Comparing the film to other then-recent Australian exports such as “Strictly Ballroom” and “The Adventures of Priscilla, Queen of the Desert,” Turan noted of “Muriel,” “Made with energy, raucous good humor and noticeable wit, its ability to recognize the poignancy in its situations makes it special even in that uninhibited group.”

In other news

David Lynch dies at 78

A director poses against a gray wall.

Director David Lynch, photographed in Los Angeles in 2012.

(Kirk McKoy / Los Angeles Times)

On Thursday came the shocking news that David Lynch, director of “Eraserhead,” “The Elephant Man,” “Blue Velvet,” “Wild at Heart,” “Inland Emipire” and more, had died at age 78.

In a 1986 interview for “Blue Velvet,” Lynch described the film in a way that might also explain larger portions of his work, saying, “This film is a trip into darkness and back out again. There are things lurking in the world and within us that we have to deal with. You can evade them for a while, for a long time maybe, but if you face them and name them, they start losing their power. Once you name the enemy, you can deal with it a lot better.”

In her appreciation of Lynch’s work, Times film critic Amy Nicholson wrote, “Once I was old enough to have some sense of what it means to become a parent, it’s where I learned to see Lynch not as a genius, nor a prankster or a guru, but as a human being. ‘Eraserhead’ allowed him to express the shameful fears about parenthood that he couldn’t say aloud. When Sherilyn Fenn told him on the set of ‘Twin Peaks’ that she wanted to have a kid, he said, “Go take a look at ‘Eraserhead’ first.”

A man looks cryptically at a severed human ear.

Kyle MacLachlan in the 1986 movie “Blue Velvet.”

(De Laurentis Entertainment)

Glenn Whipp wrote about his own experiences in interviewing Lynch, noting, “Whenever I spoke with him, he was unfailingly polite, the embodiment of a Boy Scout upbringing that he’d sometimes embrace, maybe to mess with people, maybe not.”

I created a roundup of reactions to his death, including heartfelt tributes from collaborators Kyle MacLachlan and Naomi Watts, as well as relative acolytes including Harmony Korine, Jane Schoenbrun and Richard Kelly.

MacLachlan made his debut in Lynch’s “Dune” and also appeared in “Blue Velvet” and “Twin Peaks.” As MacLachlan put it, “He clearly saw something in me that even I didn’t recognize. I owe my entire career, and life really, to his vision. What I saw in him was an enigmatic and intuitive man with a creative ocean bursting forth inside of him. He was in touch with something the rest of us wish we could get to.”

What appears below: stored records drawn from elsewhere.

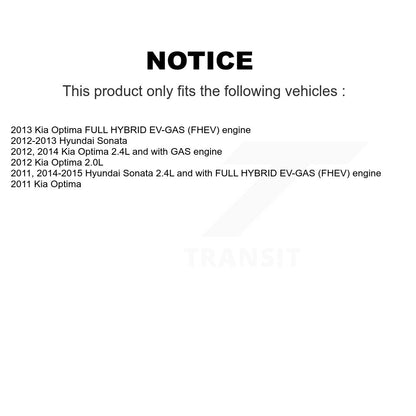 Cabin Air Filter Kit-KFM-102806 - Kit.bestparts.ca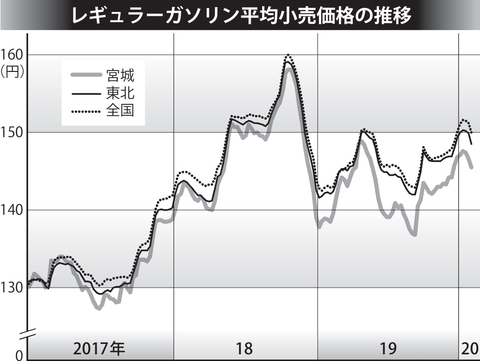 せんだい進行形 宮城のガソリン安値過熱 圏内に恵まれた流通環境 大手ガソリンスタンドは利益度外視 河北新報オンラインニュース Online News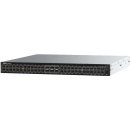 Dell EMC S4148F-ON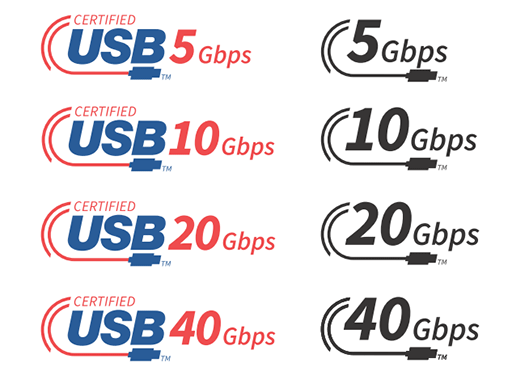 画像集 No.002のサムネイル画像 / USBの名称がまた変わる？ 速度を基準とした新しい表記ルールを規格化団体が発表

In a Lynchian coincidence, the American Cinmeatheque already had a screening of Lynch’s final feature film, 2006’s “Inland Empire” starring Laura Dern, scheduled for the Egyptian this Saturday. Then on Jan. 25, the theater will show 1990’s “Wild at Heart” starring Dern and Nicolas Cage, which won the Palme d’Or at Cannes. Expect many more Lynch screenings in the days and weeks ahead.